## [ACTIVITY]
In the records below, find the line containing "La comunidad exige consecuencias." and the line containing "Te contamos todos"; please repeat exactly the lines from one to the other, both included, and nothing more.

## [ENTRIES SHOWN]
○ ○ ○ ○

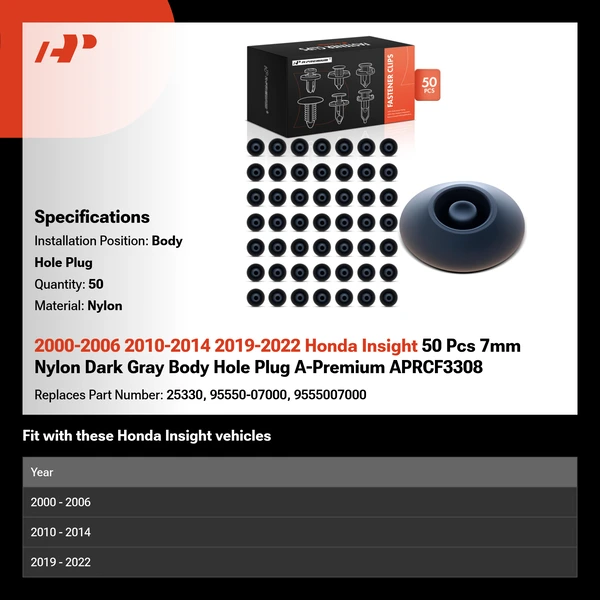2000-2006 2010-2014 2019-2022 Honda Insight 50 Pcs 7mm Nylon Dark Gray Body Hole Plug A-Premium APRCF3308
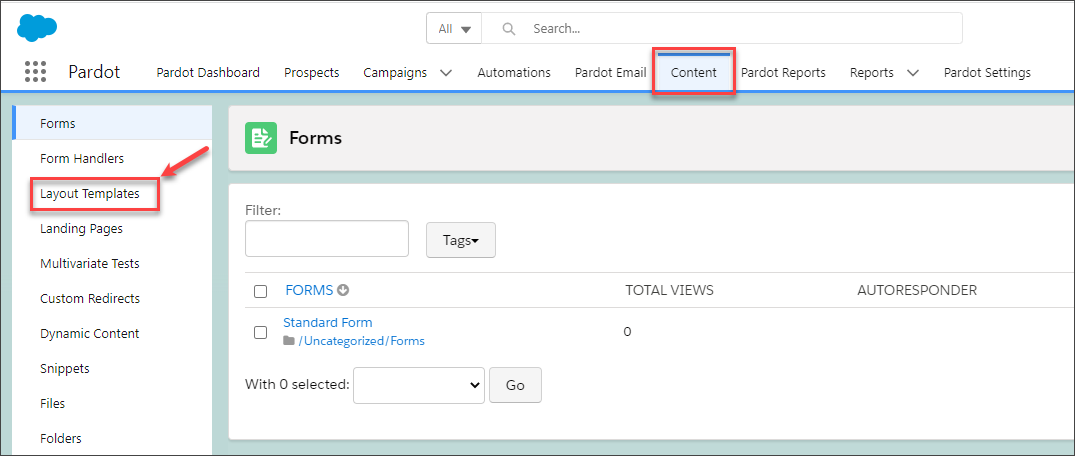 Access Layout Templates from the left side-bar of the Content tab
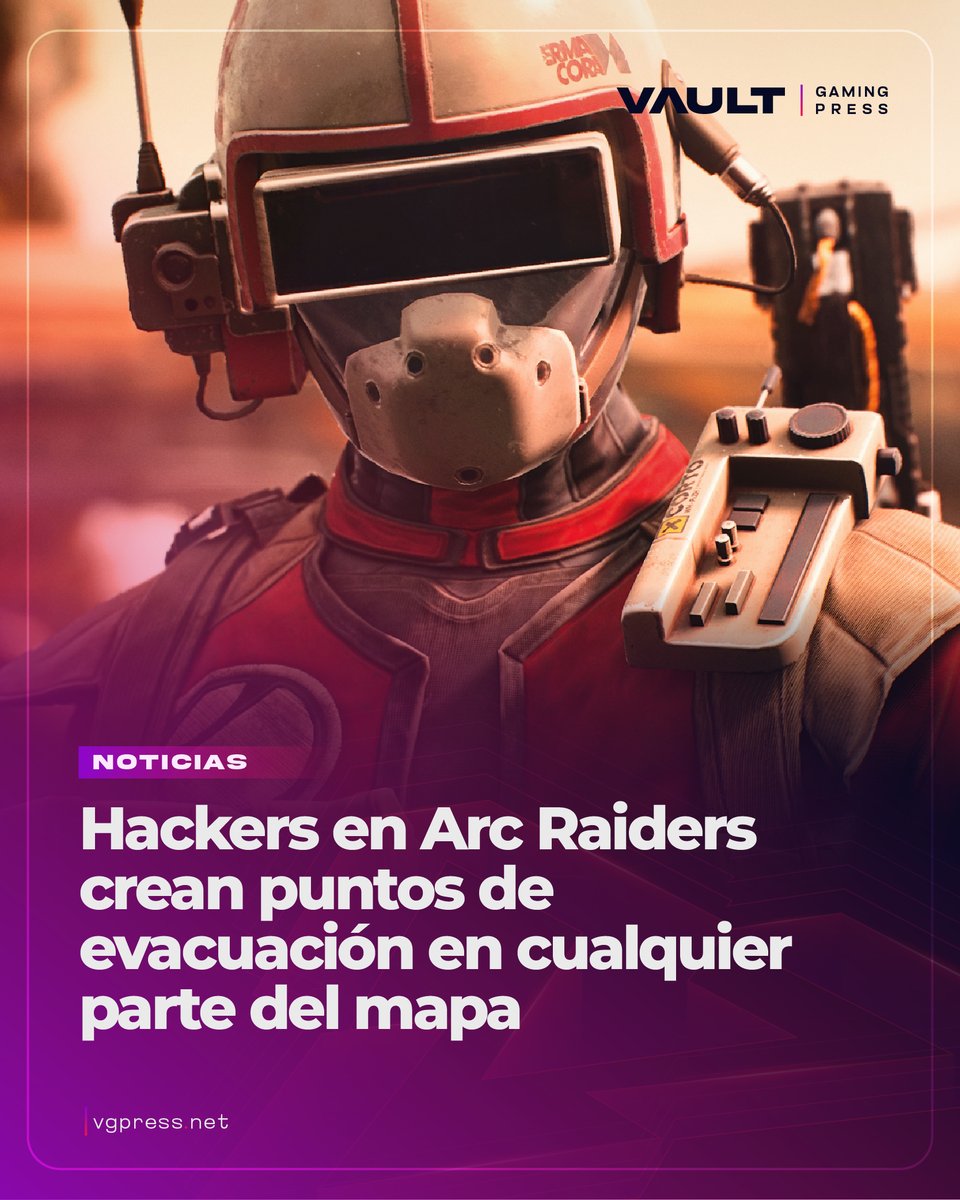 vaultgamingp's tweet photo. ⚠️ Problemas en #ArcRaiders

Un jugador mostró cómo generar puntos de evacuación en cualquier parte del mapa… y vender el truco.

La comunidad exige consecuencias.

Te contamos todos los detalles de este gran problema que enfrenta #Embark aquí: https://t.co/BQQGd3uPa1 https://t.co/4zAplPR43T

○ ○ ○ ○

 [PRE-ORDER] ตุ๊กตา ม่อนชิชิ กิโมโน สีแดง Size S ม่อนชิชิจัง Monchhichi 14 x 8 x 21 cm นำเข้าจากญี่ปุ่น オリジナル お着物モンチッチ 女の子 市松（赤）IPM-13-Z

○ ○ ○ ○

## [WRITTEN ANSWER]
La comunidad exige consecuencias.

Te contamos todos los detalles de este gran problema que enfrenta #Embark aquí: https://t.co/BQQGd3uPa1 https://t.co/4zAplPR43T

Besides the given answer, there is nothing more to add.